(Captioned web image data)
++++++

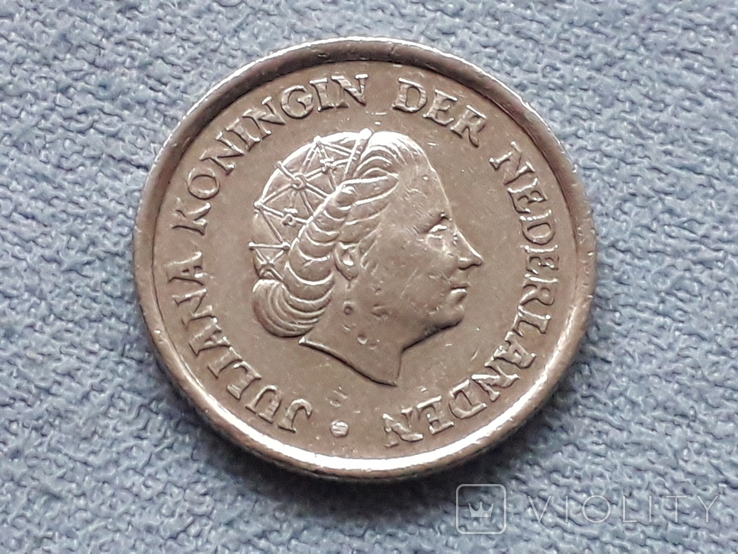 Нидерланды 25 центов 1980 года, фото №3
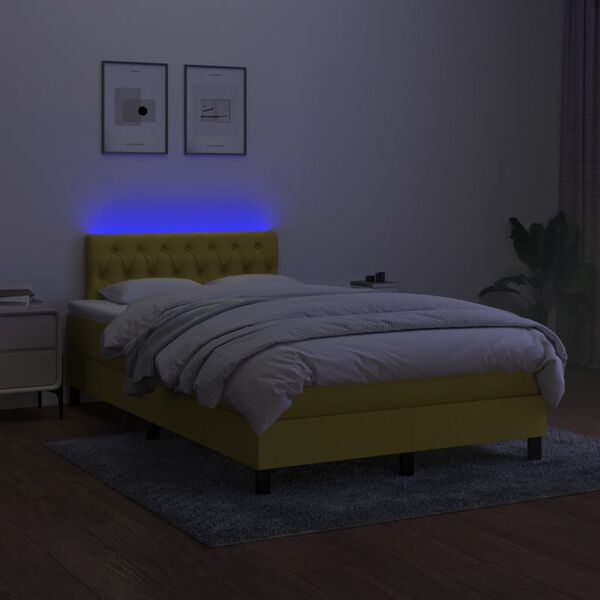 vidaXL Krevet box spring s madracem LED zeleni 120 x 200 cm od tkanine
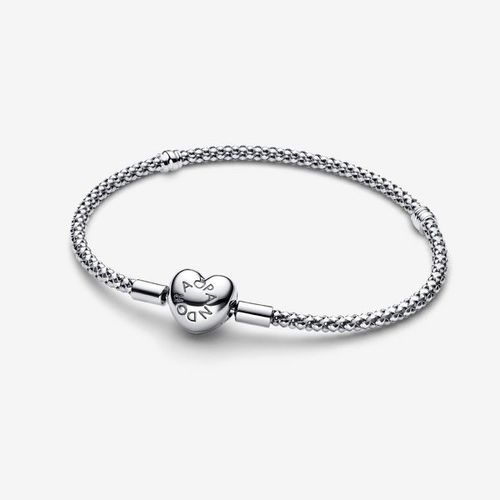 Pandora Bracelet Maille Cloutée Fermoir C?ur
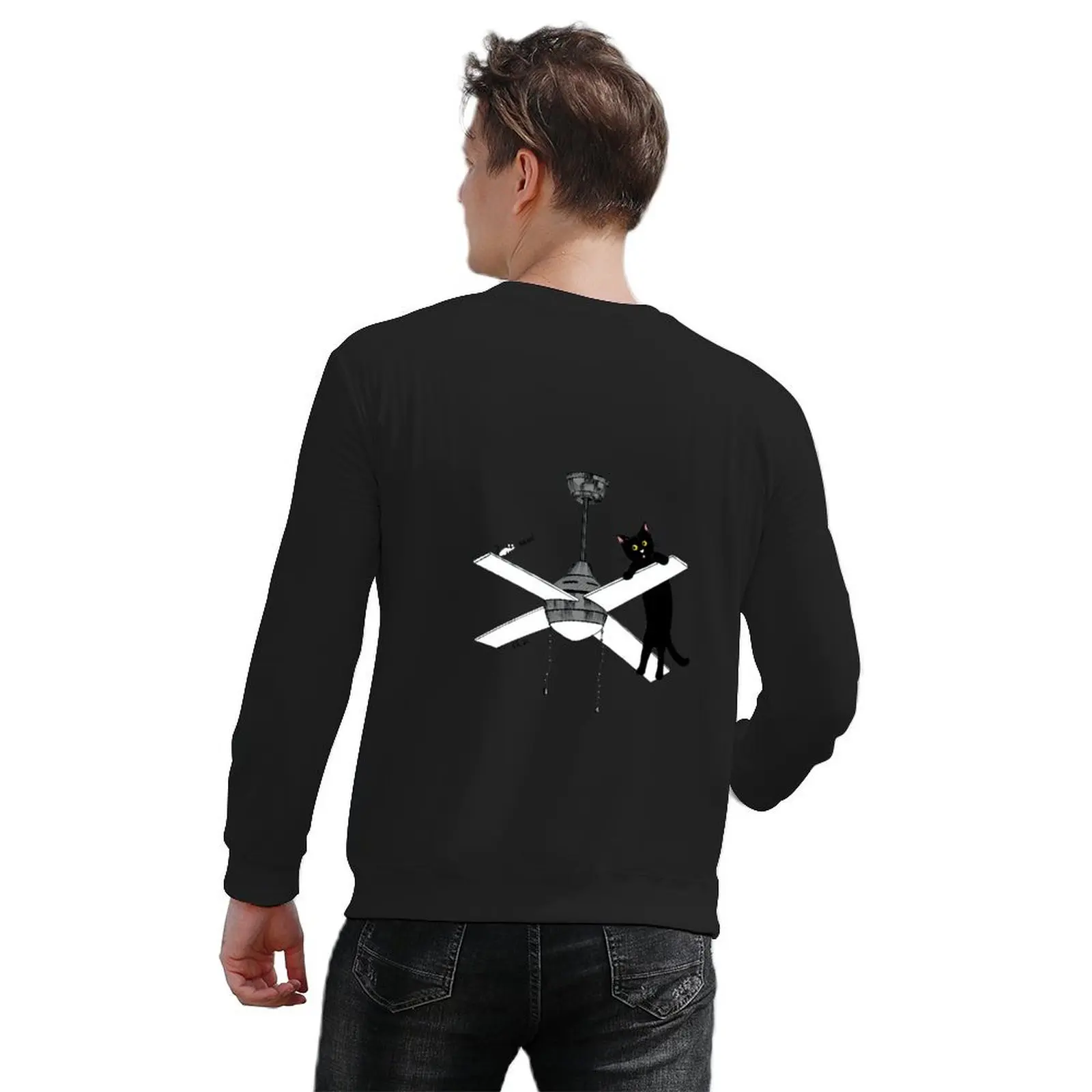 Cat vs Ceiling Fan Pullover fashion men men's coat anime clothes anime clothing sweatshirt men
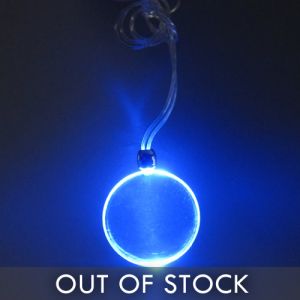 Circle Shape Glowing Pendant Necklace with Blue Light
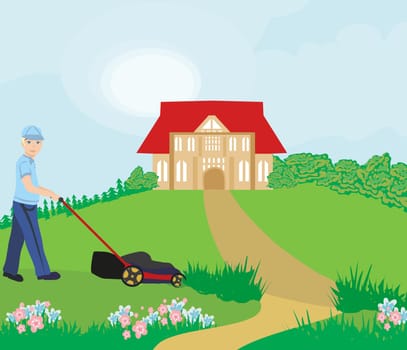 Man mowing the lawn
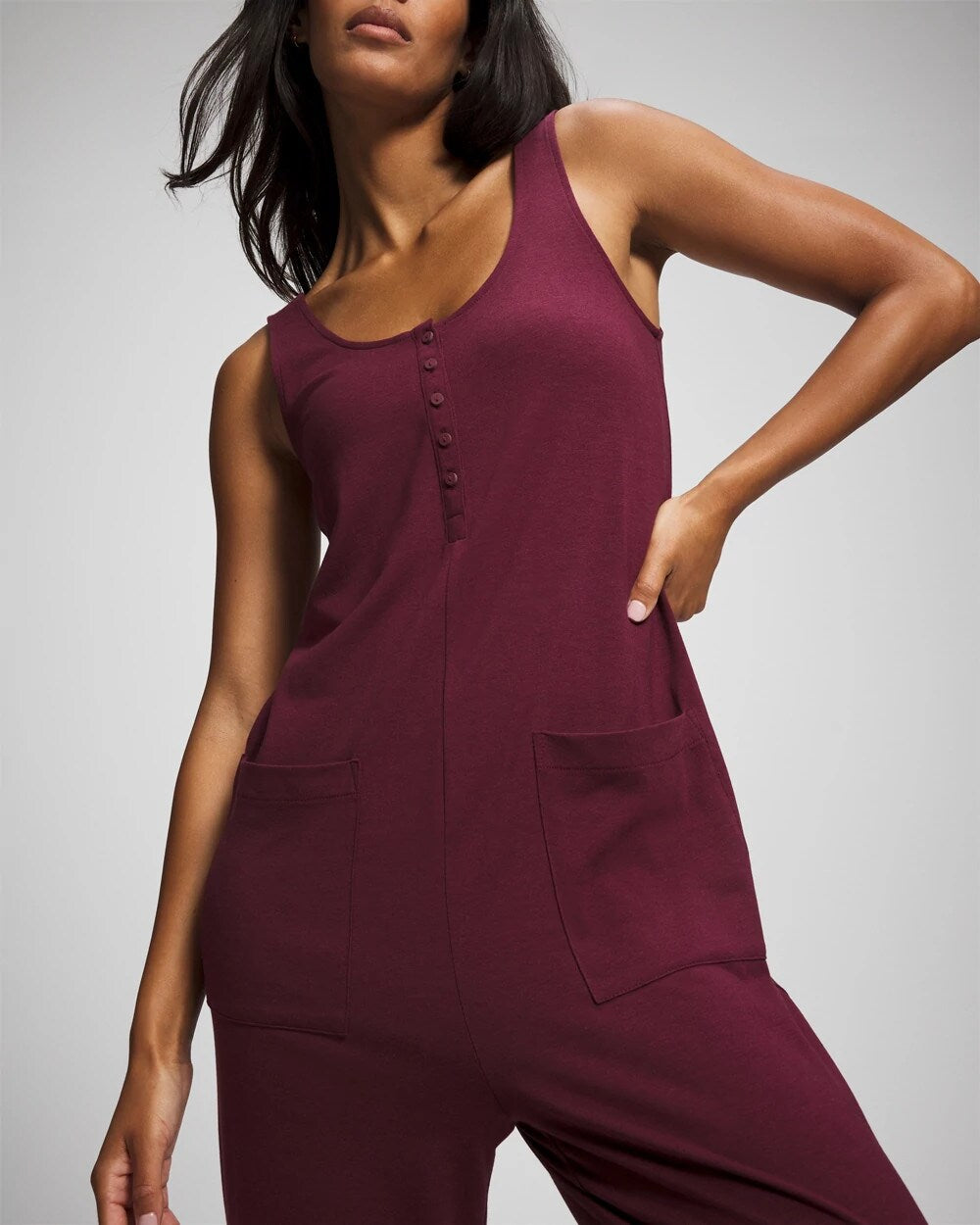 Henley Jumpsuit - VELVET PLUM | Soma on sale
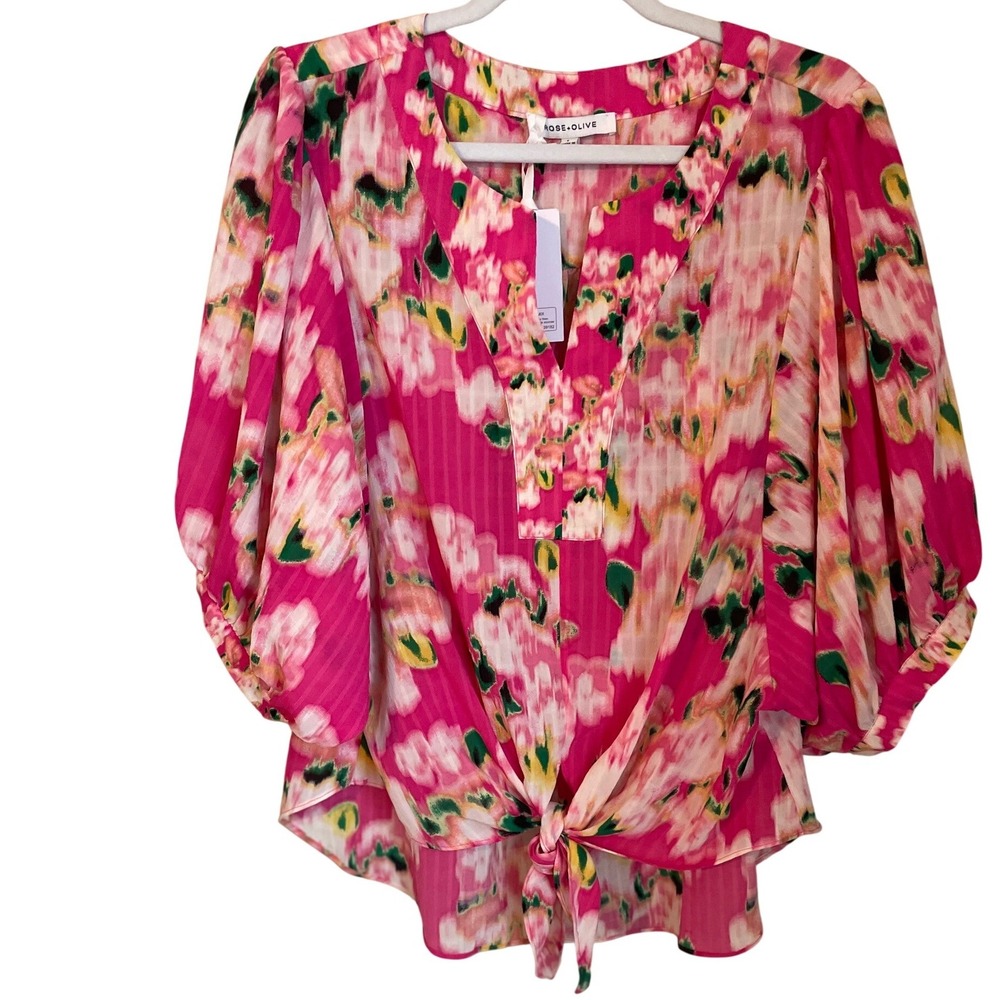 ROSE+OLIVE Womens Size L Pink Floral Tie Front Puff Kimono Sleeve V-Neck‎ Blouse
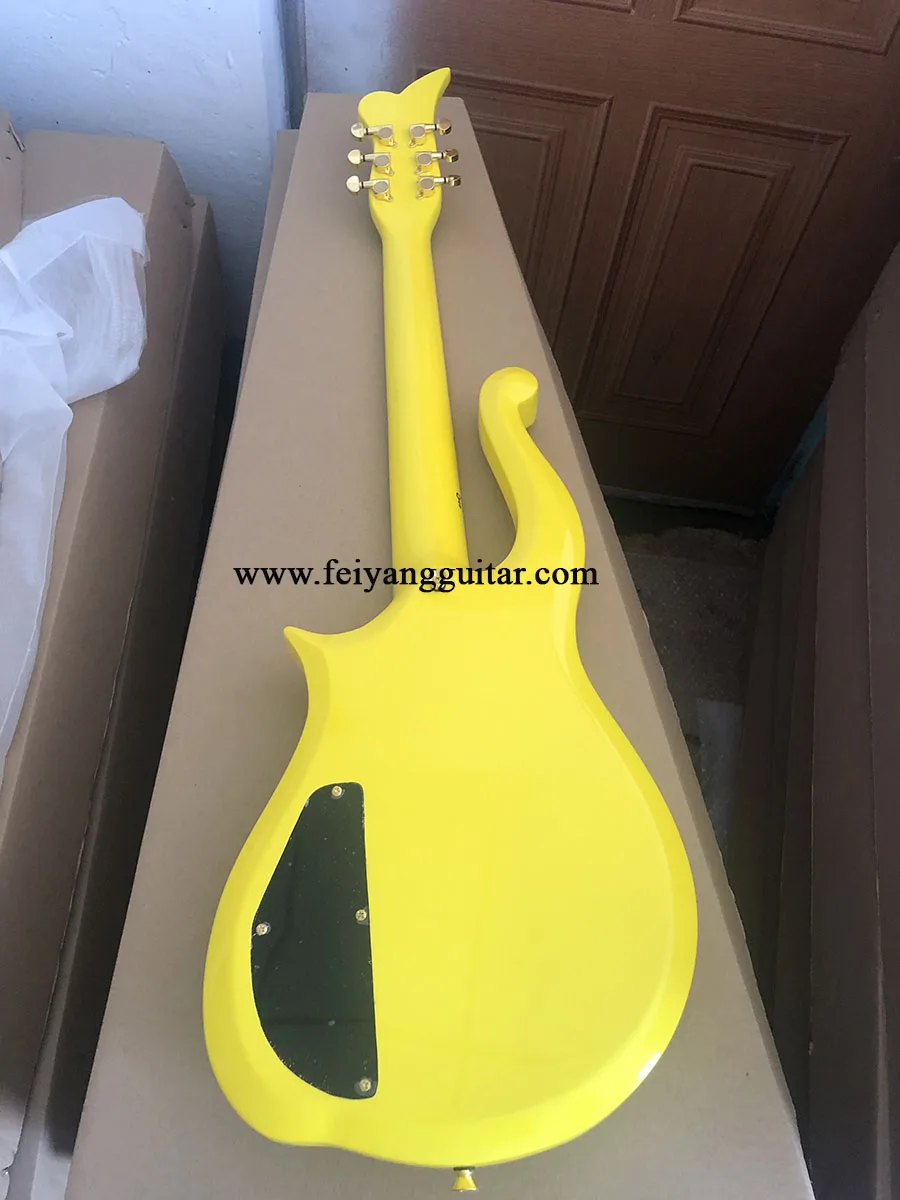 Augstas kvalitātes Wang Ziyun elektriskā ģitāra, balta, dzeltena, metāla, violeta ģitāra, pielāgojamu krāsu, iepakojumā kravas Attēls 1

++++++

#### WHAT YOU WILL DO
Return every line of the records exactly as given, pictures excluded.

#### YOUR SOLUTION
 Нидерланды 25 центов 1980 года, фото №3
 vidaXL Krevet box spring s madracem LED zeleni 120 x 200 cm od tkanine
 Pandora Bracelet Maille Cloutée Fermoir C?ur
 Cat vs Ceiling Fan Pullover fashion men men's coat anime clothes anime clothing sweatshirt men
 Circle Shape Glowing Pendant Necklace with Blue Light
 Man mowing the lawn
 Henley Jumpsuit - VELVET PLUM | Soma on sale
 ROSE+OLIVE Womens Size L Pink Floral Tie Front Puff Kimono Sleeve V-Neck‎ Blouse
 Augstas kvalitātes Wang Ziyun elektriskā ģitāra, balta, dzeltena, metāla, violeta ģitāra, pielāgojamu krāsu, iepakojumā kravas Attēls 1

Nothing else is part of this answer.